S.P.: Quando si affrontano certi fenomeni sommersi, come quello della violenza sul lavoro, è difficile trovare numeri efficaci. Purtroppo per quanto riguarda le molestie, i ricatti sessuali e gli stupri subiti dalle donne nei campi ci sono pochissime sentenze e poche denunce, gran parte delle quali finisce nel vuoto. Quindi è impossibile rispondere alla domanda: a quante donne succede? Ci si può basare sulle stime di chi opera sul territorio. Secondo Rosaria Capozzi, operatrice sociale di Foggia, “Su dieci datori di lavoro della nostra zona cinque ci provano e pesantemente, più con le straniere che con le italiane, perché lo ritengono quasi uno Ius primae noctis (il diritto della prima notte) odierno”. Un altro dato per certi versi indicativo è quello degli aborti. Penso ad esempio al territorio di Vittoria, in Sicilia: secondo i dati raccolti dal giornalista Antonello Mangano, il tasso di aborti regolari a Vittoria è stato di centoundici nel 2016, centodiciannove nel 2015, e rappresenta il 19% del totale della provincia di Ragusa.
D.: Sullo sfondo delle tue storie, ci sono i figli, figli molto piccoli che si comportano da adulti. Ho letto tra le righe del tuo libro una profonda sofferenza, tua e anche loro.
S.P.: I bambini e le bambine che vivono in questi territori subiscono la conseguenza dello sfruttamento e delle violenze sulle madri e non hanno la possibilità di vivere un’infanzia normale. A volte diventano anche loro vittime di violenza. Per questo motivo molte braccianti migranti preferiscono lasciarli nel paese di origine con i parenti, magari i nonni o gli zii, invece di portarli con loro.
D.: Scrivere questo libro ti ha creato problemi come giornalista. Raccontare l’orrore di luoghi e persone è ancora fortemente ancorato all’idea della reputazione di un posto, di una città, di un Paese?

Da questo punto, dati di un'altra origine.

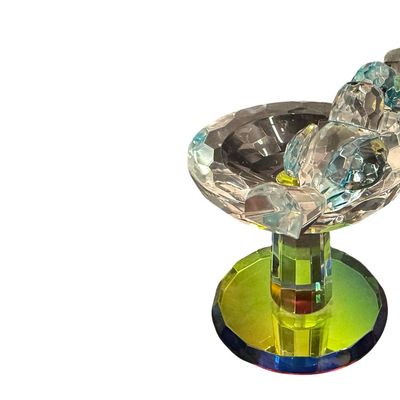 Crystal Blue Birds on a Birdbath w/ Mirrored Base Figurine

S.P.: Il problema principale è stato quello di riuscire a raccogliere il materiale necessario superando il muro di omertà di chi mi diceva di lasciare perdere e di non immischiarmi, anche in malo modo. Ho trascorso settimane bussando a tante porte che non si aprivano e poi, ogni volta che qualcuno mi ha aiutata a entrare in contatto con le lavoratrici, ho capito il motivo di questa chiusura. Ci sono condizioni infernali di lavoro, condizioni di precariato, di assenza totale di diritti, di violenza, che tolleriamo come società, illudendoci che non ci riguardi.

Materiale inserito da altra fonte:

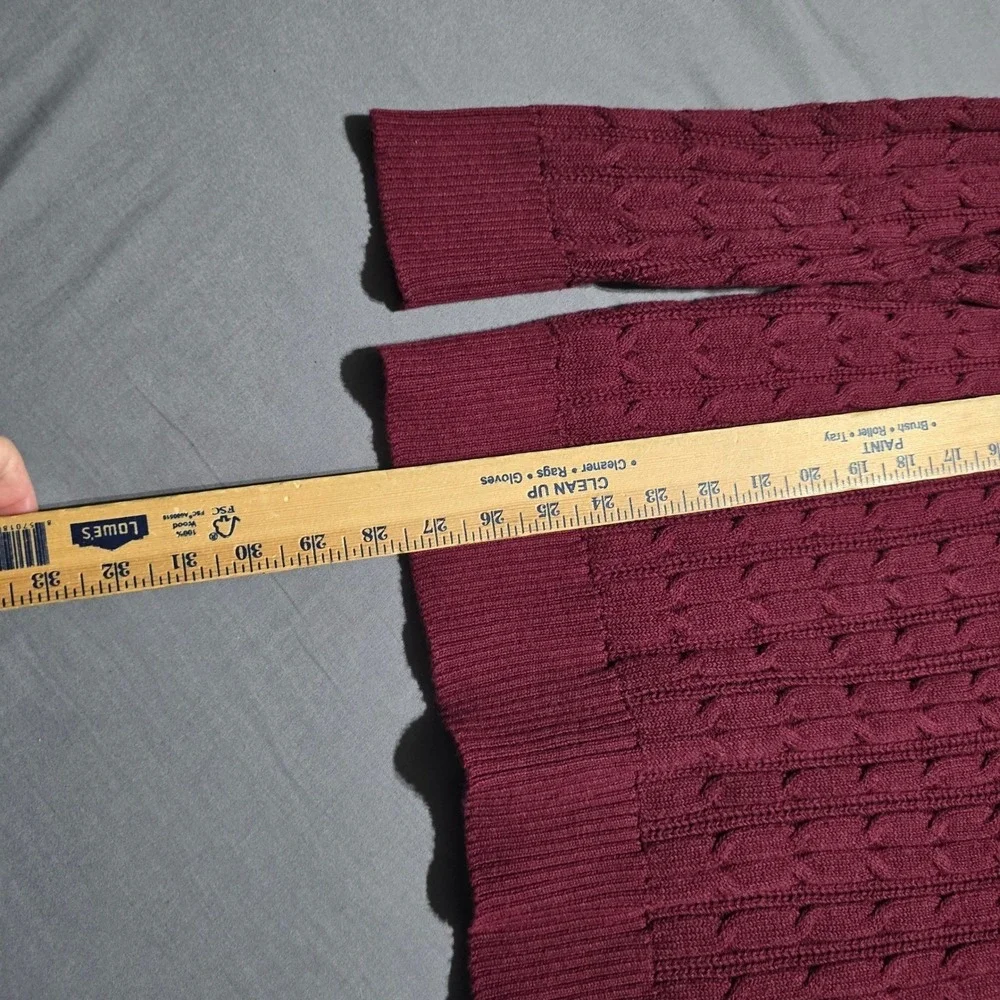 new St. John's Bay Cable Knit Sweater Mens XL Chianti Burgundy Crewneck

D.: Dai un suggerimento ai consumatori. Questi prodotti raccolti da donne immigrate, sfruttate da caporalato, arrivano sulla nostra tavola. Cosa possiamo fare, da utenti finali?
S.P.: Il mio compito è stato quello di impegnarmi al massimo per finire l’inchiesta. Da giornalista freelance non è stato semplice. Credo che la domanda: cosa possiamo fare? sia necessario rivolgerla ai sindacalisti, ai politici, alle Istituzioni, alla distribuzione, ai consumatori. Consiglio questo libro a chiunque sia interessato a conoscere i meccanismi della violenza sul lavoro e a chiunque voglia sapere cosa succede alle braccianti che raccolgono frutta e verdura.